» **PROMPT**
When the data below is printed, every line must match exactly and the images must be absent.

» **DATASET EXCERPT**

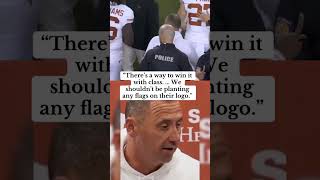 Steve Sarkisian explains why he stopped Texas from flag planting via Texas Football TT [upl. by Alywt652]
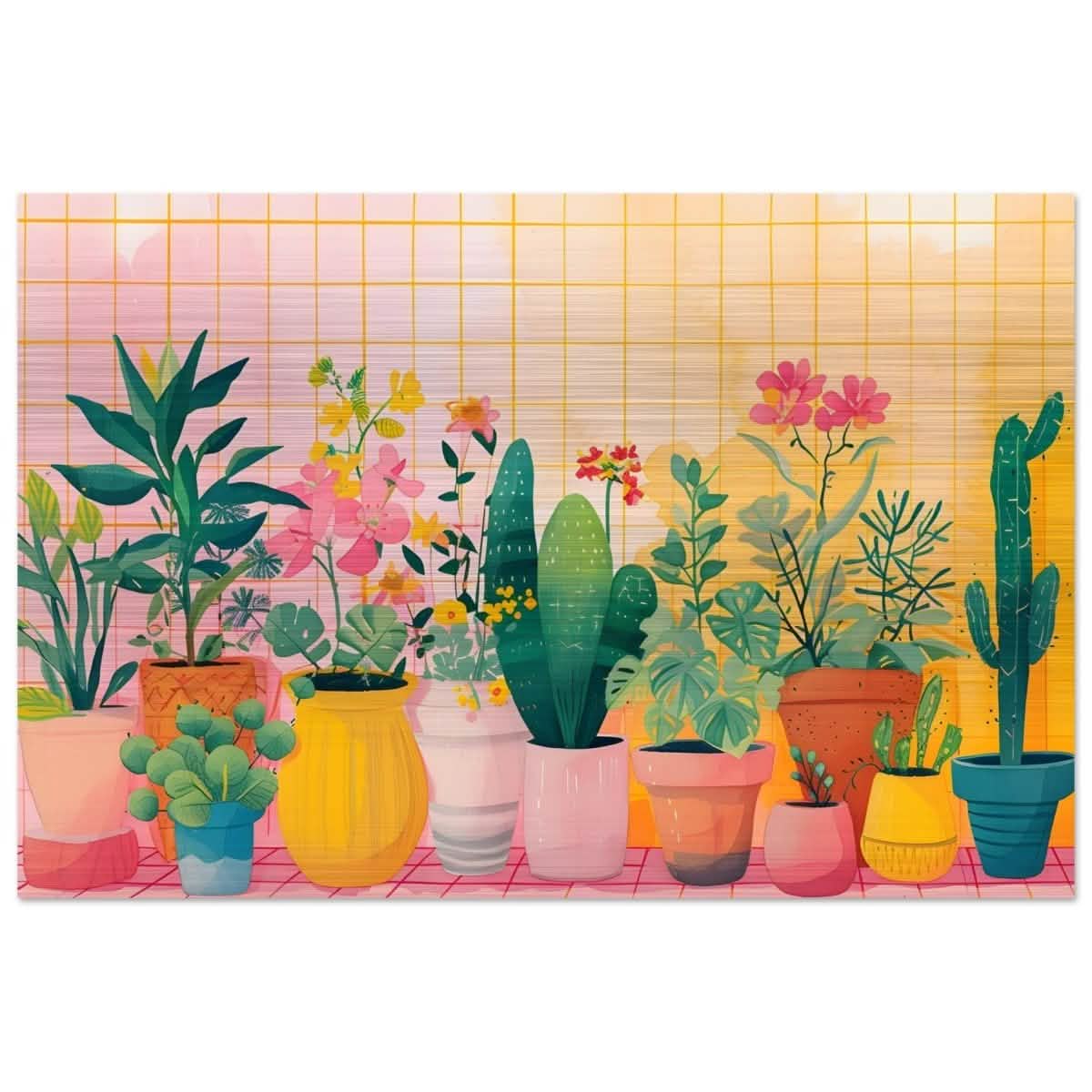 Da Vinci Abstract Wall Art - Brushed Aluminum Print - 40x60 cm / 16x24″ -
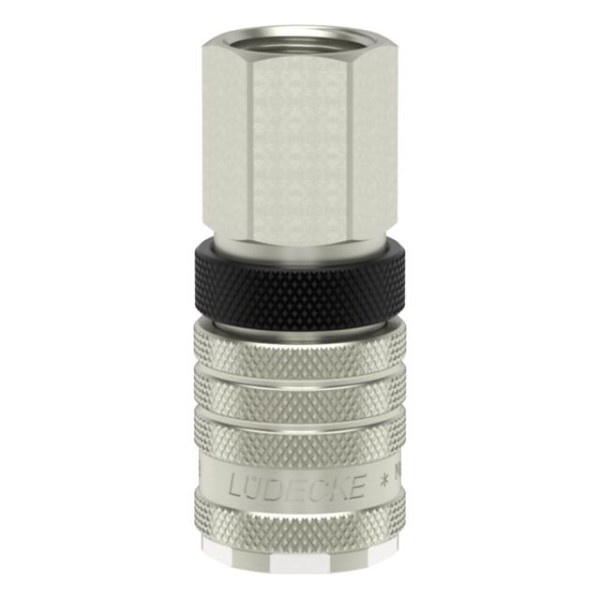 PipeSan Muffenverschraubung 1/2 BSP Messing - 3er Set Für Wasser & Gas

» **RESULT FOR THIS EXERCISE**
 Steve Sarkisian explains why he stopped Texas from flag planting via Texas Football TT [upl. by Alywt652]
 Da Vinci Abstract Wall Art - Brushed Aluminum Print - 40x60 cm / 16x24″ -
 PipeSan Muffenverschraubung 1/2 BSP Messing - 3er Set Für Wasser & Gas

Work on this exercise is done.